● **TASK REQUIREMENTS**:
Give an exact copy of the data that follows, but none of its pictures.

● **ENTRIES SUPPLIED**:

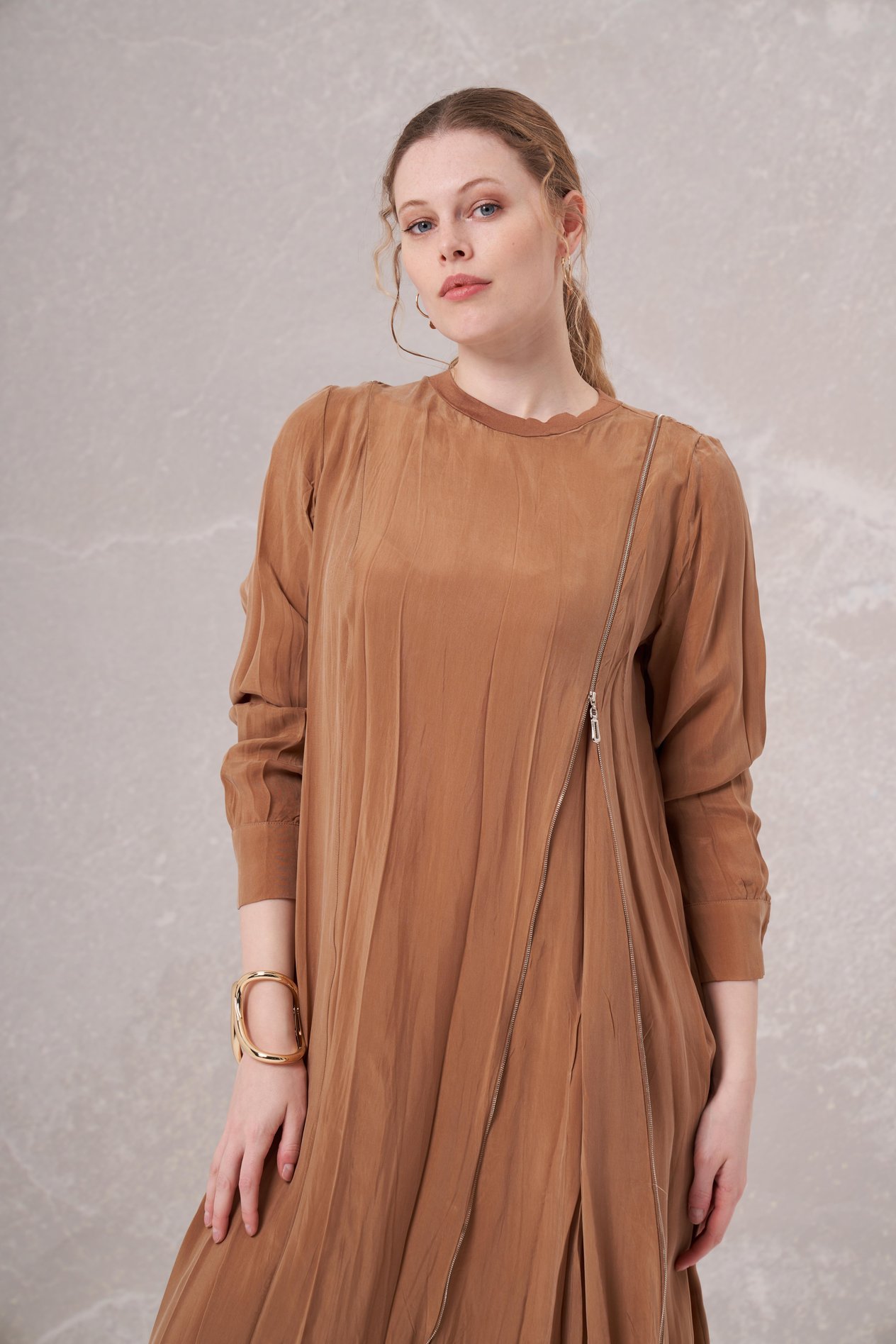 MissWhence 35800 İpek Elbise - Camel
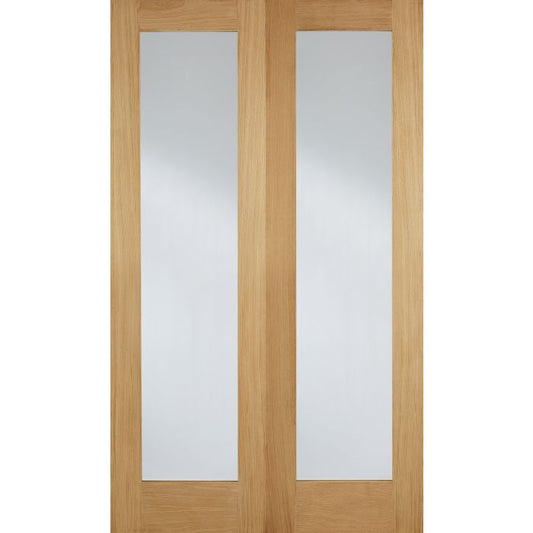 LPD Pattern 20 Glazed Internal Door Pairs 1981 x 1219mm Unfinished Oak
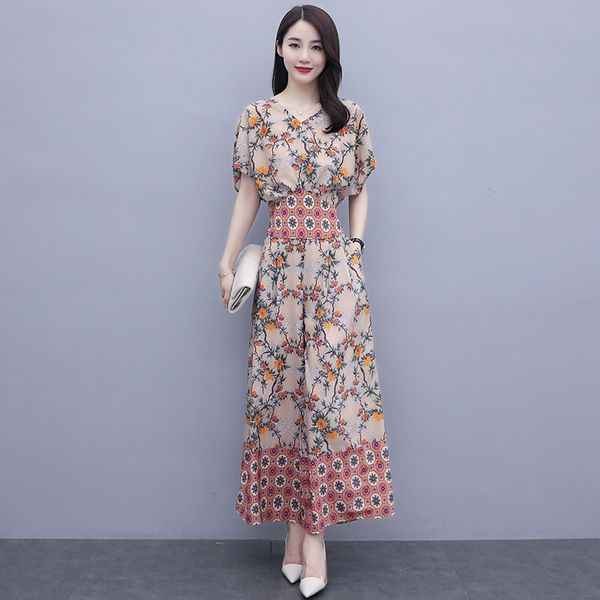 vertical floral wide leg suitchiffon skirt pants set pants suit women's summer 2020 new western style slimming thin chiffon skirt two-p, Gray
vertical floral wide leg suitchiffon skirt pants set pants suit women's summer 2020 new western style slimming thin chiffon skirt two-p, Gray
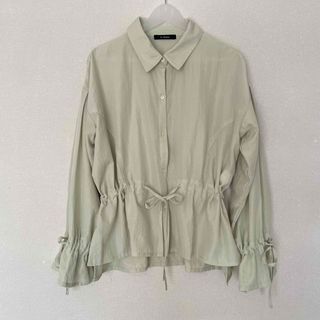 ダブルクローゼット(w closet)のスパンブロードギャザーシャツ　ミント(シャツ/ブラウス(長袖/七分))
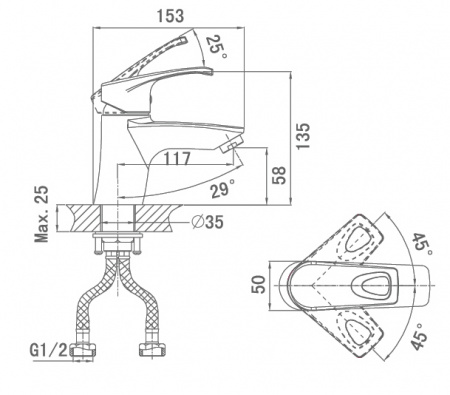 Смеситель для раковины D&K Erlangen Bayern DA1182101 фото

● **OUTPUT FOR THIS TASK**:
 MissWhence 35800 İpek Elbise - Camel
 LPD Pattern 20 Glazed Internal Door Pairs 1981 x 1219mm Unfinished Oak
 vertical floral wide leg suitchiffon skirt pants set pants suit women's summer 2020 new western style slimming thin chiffon skirt two-p, Gray
vertical floral wide leg suitchiffon skirt pants set pants suit women's summer 2020 new western style slimming thin chiffon skirt two-p, Gray
 ダブルクローゼット(w closet)のスパンブロードギャザーシャツ　ミント(シャツ/ブラウス(長袖/七分))
 Смеситель для раковины D&K Erlangen Bayern DA1182101 фото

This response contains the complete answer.